## DATASET EXCERPTS:
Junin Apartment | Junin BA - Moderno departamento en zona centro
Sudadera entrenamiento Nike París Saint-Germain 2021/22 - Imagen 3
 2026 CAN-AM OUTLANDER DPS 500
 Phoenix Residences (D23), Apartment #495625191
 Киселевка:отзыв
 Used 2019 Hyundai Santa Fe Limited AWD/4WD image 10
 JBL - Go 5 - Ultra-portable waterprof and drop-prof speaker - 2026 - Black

## INSTRUCTIONS FOR THE TASK:
Extract all of the data shown above without alteration.

## TASK RESPONSE:
Junin Apartment | Junin BA - Moderno departamento en zona centro
Sudadera entrenamiento Nike París Saint-Germain 2021/22 - Imagen 3
 2026 CAN-AM OUTLANDER DPS 500
 Phoenix Residences (D23), Apartment #495625191
 Киселевка:отзыв
 Used 2019 Hyundai Santa Fe Limited AWD/4WD image 10
 JBL - Go 5 - Ultra-portable waterprof and drop-prof speaker - 2026 - Black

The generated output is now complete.